Specifically periodic boundary conditions.
> For DCT:
> ....1,2,3,4,4,3,2,1,1,2,3,4,4,3,2,1,....
The derivative is zero, such that the basis functions, and so the result of the transform have reflection symmetry.
> When the latter is transformed, due to symmetry, only cosine terms can > be there, the sine terms give zero. When you transform the former, due > to symmetry, half of the coefficients are the complex conjugate of the > other and also redundant. Therefore, there is always the same amount of > information.

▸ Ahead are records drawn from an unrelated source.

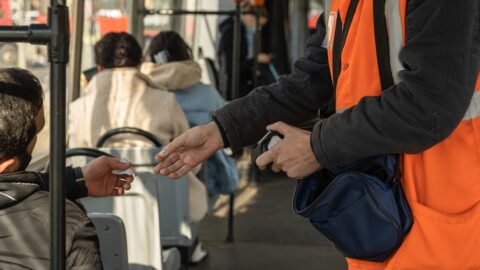 Fristlose Arbeitnehmerkündigung bei Unterschlagung von Fahrgeldern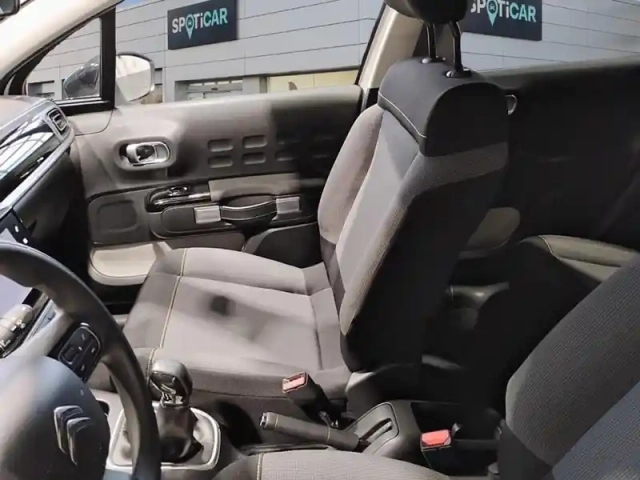 Citroën C3 puretech 83 ch bvm5 max — photo 9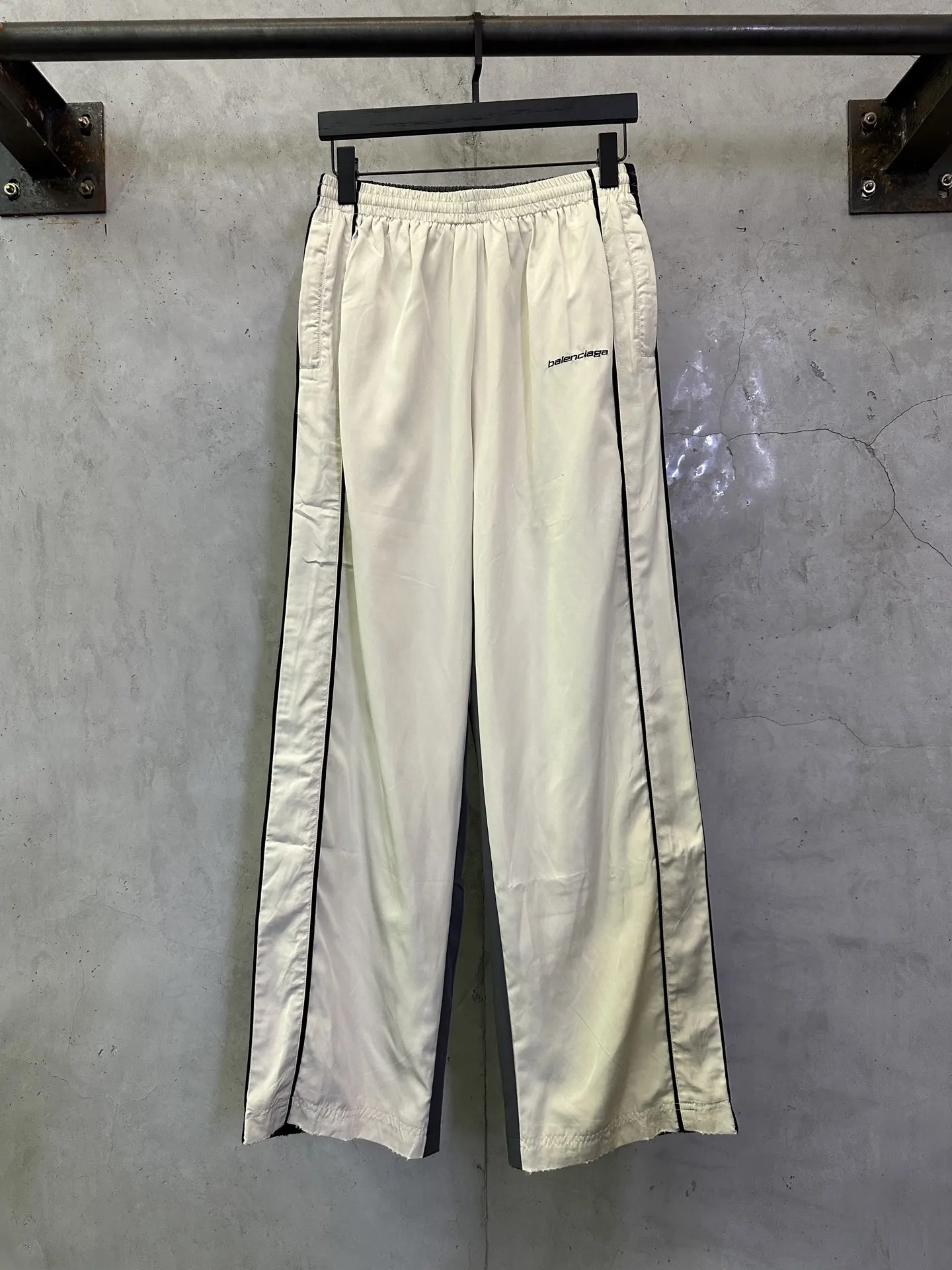Color-Block Distressed Shell Track Pants D27012408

> The DCT assumption has the advantage that there is can not be a jump at > the boundary.
The derivative has a jump, though. It is the same math as standing waves with shorted (DST) or open (DCT) boundary conditions on a transmission line. As to the OP question, there are the same number of basis functions, but they are different functions. In the 8 element case, the DFT has four sines and four cosines, DST has 8 sines, and DCT has 8 cosines. (Given real input data.)